Identification of Human Host Substrates of the SARS-CoV-2 Mpro and PLpro Using Subtiligase N-Terminomics
(American Chemical Society, 2023-04) Luo, Shu Y.; Moussa, Eman W.; Lopez-Orozco, Joaquin; Felix-Lopez, Alberto; Ishida, Ray; Fayad, Nawell; Gomez-Cardona, Erik; Wang, Henry; Wilson, Joyce A.; Kumar, Anil; Hobman, Tom C.; Julien, Olivier
The recent emergence of SARS-CoV-2 in the human population has caused a global pandemic. The virus encodes two proteases, Mpro and PLpro, that are thought to play key roles in the suppression of host protein synthesis and immune response evasion during infection.
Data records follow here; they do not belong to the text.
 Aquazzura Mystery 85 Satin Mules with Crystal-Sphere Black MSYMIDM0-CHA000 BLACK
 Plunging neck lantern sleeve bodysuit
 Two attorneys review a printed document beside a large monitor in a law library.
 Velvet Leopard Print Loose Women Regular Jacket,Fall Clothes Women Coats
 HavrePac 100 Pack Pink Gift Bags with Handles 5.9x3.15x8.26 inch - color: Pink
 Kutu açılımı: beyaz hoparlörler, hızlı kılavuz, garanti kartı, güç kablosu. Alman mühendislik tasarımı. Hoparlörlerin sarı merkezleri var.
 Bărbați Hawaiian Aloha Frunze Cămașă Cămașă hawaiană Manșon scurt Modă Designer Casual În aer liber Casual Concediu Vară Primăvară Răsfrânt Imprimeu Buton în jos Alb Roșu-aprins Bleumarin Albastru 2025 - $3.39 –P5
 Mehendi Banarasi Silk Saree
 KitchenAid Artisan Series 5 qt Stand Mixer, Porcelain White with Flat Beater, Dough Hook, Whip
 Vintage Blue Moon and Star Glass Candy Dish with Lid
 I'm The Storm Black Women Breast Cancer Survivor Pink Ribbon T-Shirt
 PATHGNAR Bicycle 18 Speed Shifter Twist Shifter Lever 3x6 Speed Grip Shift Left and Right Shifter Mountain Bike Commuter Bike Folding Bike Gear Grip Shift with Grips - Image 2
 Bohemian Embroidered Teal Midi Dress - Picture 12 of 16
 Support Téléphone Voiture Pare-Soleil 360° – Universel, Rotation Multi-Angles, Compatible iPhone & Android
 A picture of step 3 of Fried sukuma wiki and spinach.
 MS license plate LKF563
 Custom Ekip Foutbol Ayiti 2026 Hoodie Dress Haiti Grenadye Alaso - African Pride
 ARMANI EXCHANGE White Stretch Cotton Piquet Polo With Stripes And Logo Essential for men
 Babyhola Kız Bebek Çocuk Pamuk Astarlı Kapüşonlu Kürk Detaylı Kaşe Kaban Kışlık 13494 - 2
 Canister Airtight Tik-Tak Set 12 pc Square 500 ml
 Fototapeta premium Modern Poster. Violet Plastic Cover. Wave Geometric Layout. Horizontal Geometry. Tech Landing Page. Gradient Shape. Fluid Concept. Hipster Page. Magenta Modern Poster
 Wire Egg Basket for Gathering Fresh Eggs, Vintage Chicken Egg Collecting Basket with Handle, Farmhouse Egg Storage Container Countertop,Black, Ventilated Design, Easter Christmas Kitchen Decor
To identify the specific host cell substrates of these proteases, active recombinant SARS-CoV-2 Mpro and PLpro were added to A549 and Jurkat human cell lysates, and subtiligase-mediated N-terminomics was used to capture and enrich protease substrate fragments. The precise location of each cleavage site was identified using mass spectrometry. Here, we report the identification of over 200 human host proteins that are potential substrates for SARS-CoV-2 Mpro and PLpro and provide a global mapping of proteolysis for these two viral proteases in vitro. Modulating proteolysis of these substrates will increase our understanding of SARS-CoV-2 pathobiology and COVID-19.